Available data:
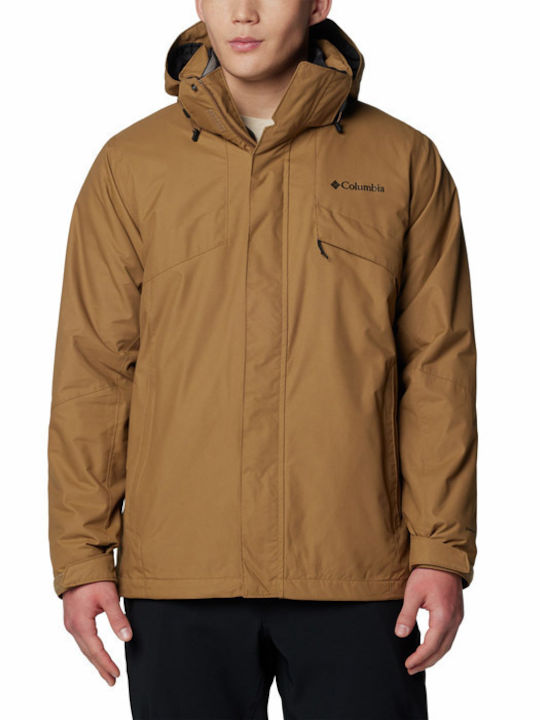 Columbia Bugaboo Iii Fleece Μπουφάν Καφέ
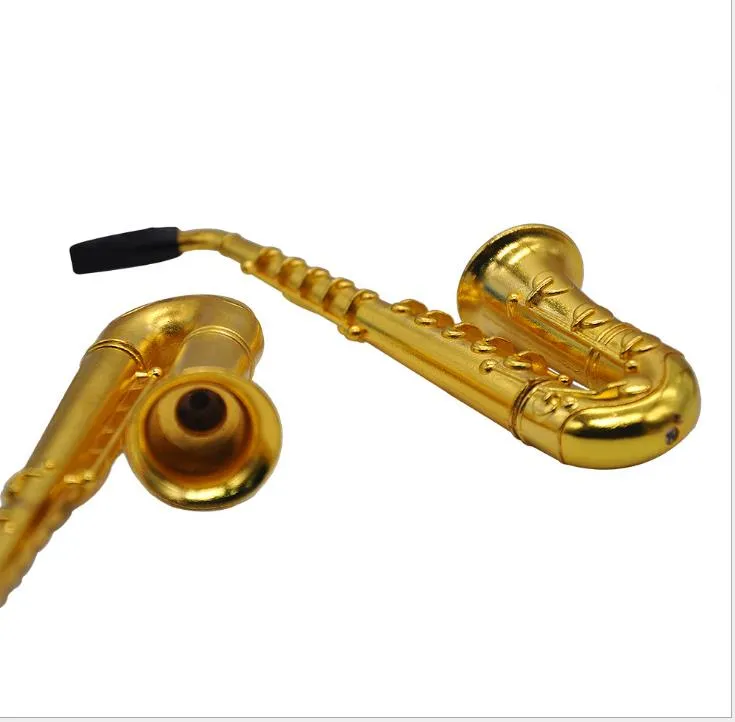 Nouveau Tuyau de Saxophone en métal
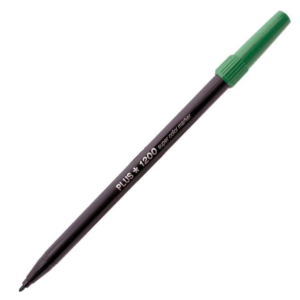 ROTULADOR PLUS OFFICE 1200 VERDE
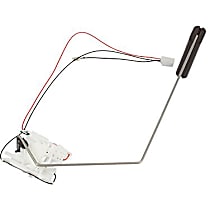 Fuel Sending Unit, DIESEL, 137.0 in. Wheelbase, Midship Fuel Tank, Sender Only, 8 Cyl 6.7L, Motorcraft OE Replacement -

Exercise requirements:
None of the pictures should appear; copy the rest of the material above exactly.

Answer to the exercise:
 Columbia Bugaboo Iii Fleece Μπουφάν Καφέ
 Nouveau Tuyau de Saxophone en métal
 ROTULADOR PLUS OFFICE 1200 VERDE
 Fuel Sending Unit, DIESEL, 137.0 in. Wheelbase, Midship Fuel Tank, Sender Only, 8 Cyl 6.7L, Motorcraft OE Replacement -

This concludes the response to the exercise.